Data items:
============

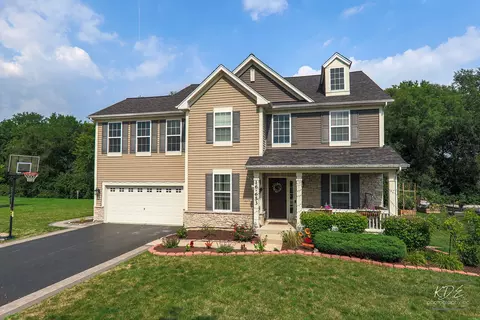 16 W653 Hawthorne Ct, Willowbrook, IL 60527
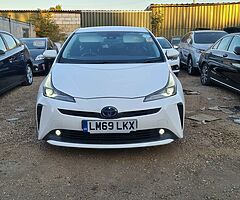 2019 Toyota PRIUS ACTIVE UK MODEL 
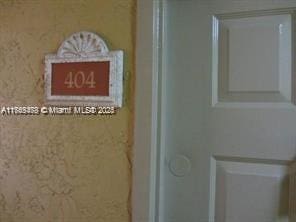 8353 Lake Dr Unit 404, Doral, FL 33166 - photo 2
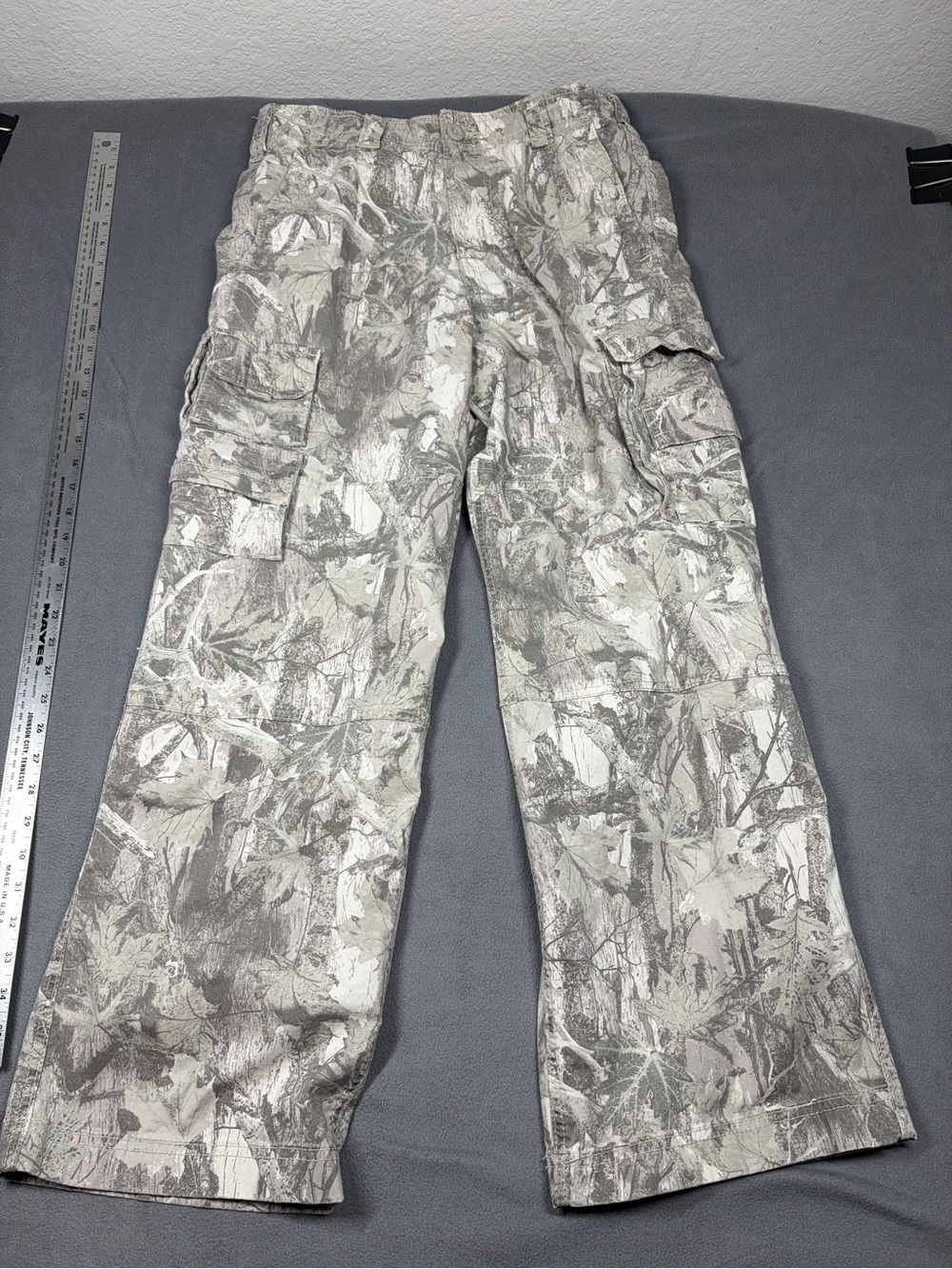 Hollister Super Baggy Camo Cargo Pants Mens Gray 30 28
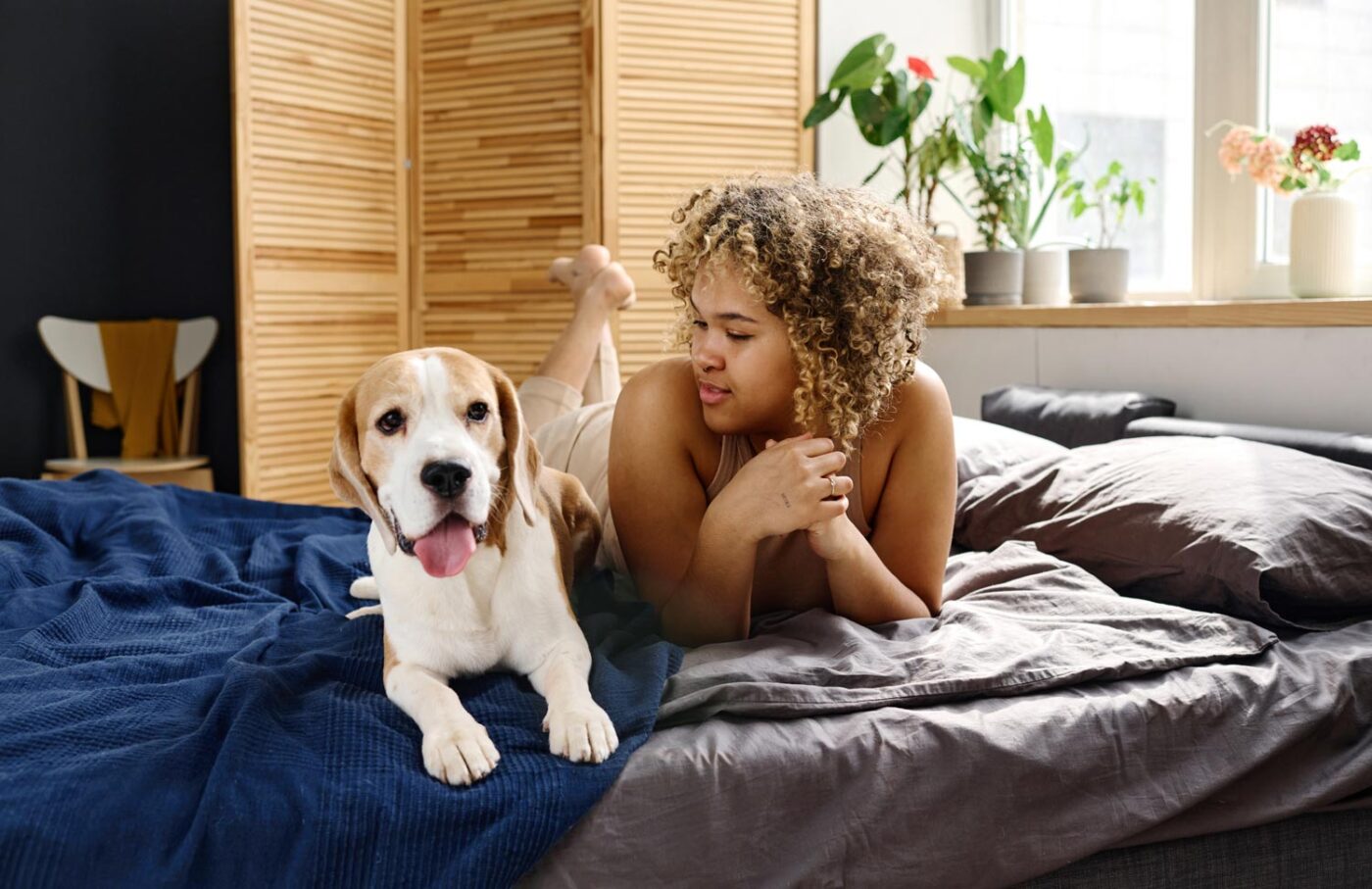 woman and dog on bed 2022 05 02 15 32 20 utc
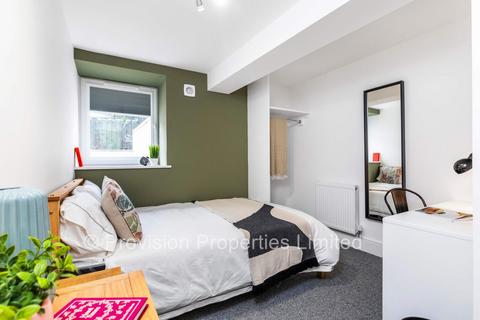 4 bedroom apartment to rent, Kelso Road, Hyde Park LS2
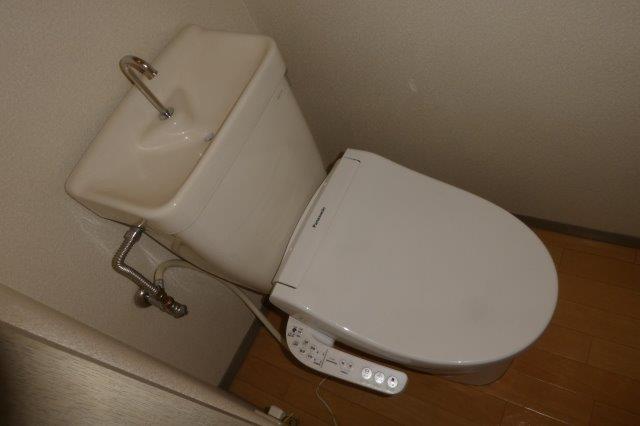 トイレ　ウォシュレット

============

Write out the lines from the line with "Hollister Super Baggy" through the end of the records exactly; do not include pictures or any other lines.

= YOUR RESPONSE =
 Hollister Super Baggy Camo Cargo Pants Mens Gray 30 28
 woman and dog on bed 2022 05 02 15 32 20 utc
 4 bedroom apartment to rent, Kelso Road, Hyde Park LS2
 トイレ　ウォシュレット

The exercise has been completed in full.